New South Wales Heritage Register
- Official name: Engehurst
- Type: State heritage (built)
- Designated: 2 April 1999
- Reference no.: 575
- Type: Villa
- Category: Residential buildings (private)

= Engehurst =

Engehurst is a heritage-listed residence located in Paddington, New South Wales, Australia. It was designed by John Verge and built from 1834 to 1835. It was added to the New South Wales State Heritage Register on 2 April 1999.

== History ==
===Paddington===
This suburb, which took its name from the London borough, lies in what were once paddocks adjacent to Victoria Barracks. It was the first of the early Sydney suburbs that was not self-sufficient – its inhabitants, unlike those of Balmain or Newtown, where work was available in local industries, had to go away each day to their places of employment. Development of the Eastern Suburbs (Edgecliff, Double Bay, Point Piper and Woollahra) surrounded this area with wealthy people's homes so this small hilly suburb lost all hope of harbour views.

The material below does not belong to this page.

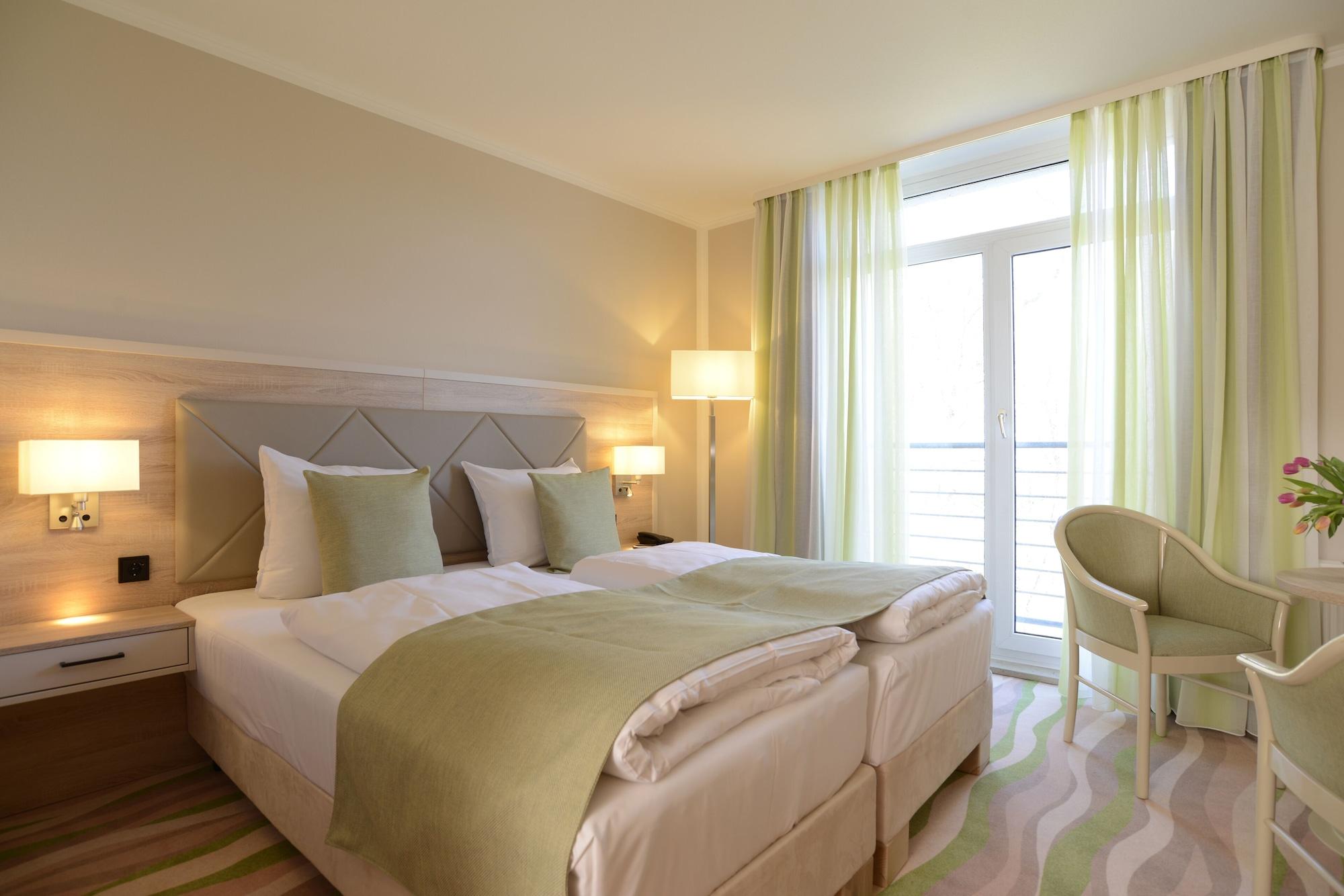 ท็อป คันทรีไลน์ เซโฮเทล กรอสเฮอร์ซอก ฟอน เมคเลนบวร์ค บอลเทนฮาเกิน Hotel บอลเทินฮาเกิน ภายนอก รูปภาพ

The area developed after a road was constructed to link up with a pilot station that was to be built at Watsons Bay (South Head Road). John Palmer, the settlement's commissary, refused to allow people to cross his land grant ('Woolloomooloo'), so the road had to follow a roundabout way through Paddington to bypass his 100 acre. Only a handful of workers lived in the area, and it was not until 1838, when it was decided to build a new military barracks in Paddington, that life came to the area. From 1848 when Victoria Barracks had been opened (designed by Lt.-Col. George Barney) and homes for the soldiers and their families had been erected, Paddington began to assume a real identity...The (barracks site) land was sandy - in fact a huge sandhill was located on the western side of the Greens Road area, and the foundation trenches had to be dug very deep, to locate firm stone for the foundations. Stone was mostly quarried in the area: the stonemasons were free settlers who had worked on erection of the Customs House at what was then Semi-Circular Quay.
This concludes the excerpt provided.